The ECB had raised interest rates on June 11 in response to a war-related energy cost surge that had pushed inflation above 3%. The S&P Global Eurozone Manufacturing PMI slipped to a four-month low of 51.4 in June from 51.6 in May, but remained above the 50.0 threshold separating growth from contraction for a fifth consecutive month. The reading was slightly above a preliminary estimate of 51.3. German factory activity expanded modestly, while France’s grew slightly faster than initially forecast. In Britain, manufacturing cooled despite a boost to output from stockpiling ahead of anticipated price increases.

AI Boom Provides Critical Support for Asian Producers

The surveys underscored how the global AI investment wave is reshaping economic fortunes across Asia. Strong demand for chips, data-center equipment, and other technology goods has provided a powerful engine for growth, acting as a buffer against mounting geopolitical and trade risks.

China, Japan, and South Korea all saw factory activity expand in June on solid demand for chips, computers, and other AI-related products, along with stockpiling by firms seeking to guard against shortages and price rises linked to the Middle East conflict.

RatingDog’s General Manufacturing China PMI hit 51.7 in June, marking expansion for a seventh straight month. It eased slightly from May’s 51.8 but exceeded analysts’ forecast of 51.6. The reading aligned with an official survey on Tuesday, showing factory activity returning to expansion on robust export orders.

Japan’s PMI rose to 54.8 from 54.5, expanding for a sixth consecutive month with new orders growing at their fastest pace in more than two years. However, input cost inflation remained at a nearly four-year high, signaling mounting price pressures that could crimp corporate margins and contribute to broader inflation.

South Korea’s factory activity expanded for a seventh consecutive month, though at a slower pace due to falling export demand.

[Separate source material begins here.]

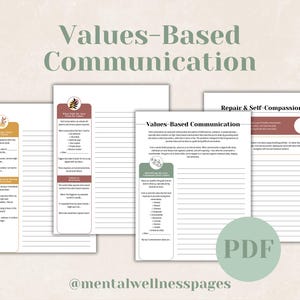 May include: A collection of printable worksheets with the title "Values-Based Communication" in a soft green font. The worksheets have lined pages and colorful headers with text. The PDF icon is visible.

“Firms frequently reported that rising raw material prices, alongside difficulties sourcing and receiving inputs due to delays and shortages, weighed on sector performance,” said Usamah Bhatti, economist at S&P Global Market Intelligence.

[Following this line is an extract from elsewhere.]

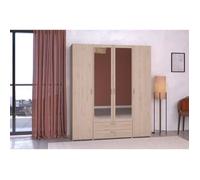 Armoire VARIA - Décor chene - 4 portes - 2 tiroirs - Portes centrales avec miroirs - 159,9 x 185 x 51,7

Factory activity in most other Asian emerging economies also continued to expand. The Philippines held steady at 50.9 from 50.8, while Malaysia rose to 50.7 from 49.9. Taiwan and Vietnam also recorded expansion.

A separate survey showed India’s manufacturing sector expanded at its second-slowest pace in four years as export orders suffered from softer demand in Europe.

Across both regions, cost pressures moderated somewhat but stayed elevated. Supply shortages and shipping delays continued to lengthen lead times, suggesting the energy shock from the Middle East conflict could still intensify in the coming months.

The data provides a mixed picture for policymakers. In Europe, the modest manufacturing expansion offers some relief as the ECB grapples with above-target inflation. In Asia, the AI-driven strength highlights the region’s growing role in global technology supply chains and its relative resilience to geopolitical disruptions.

For businesses, the surveys point to an environment where demand for technology-related goods remains robust, but input costs and supply chain frictions require careful management. Companies in AI-adjacent sectors appear better positioned to weather current challenges, while those more exposed to traditional manufacturing and energy costs face greater headwinds.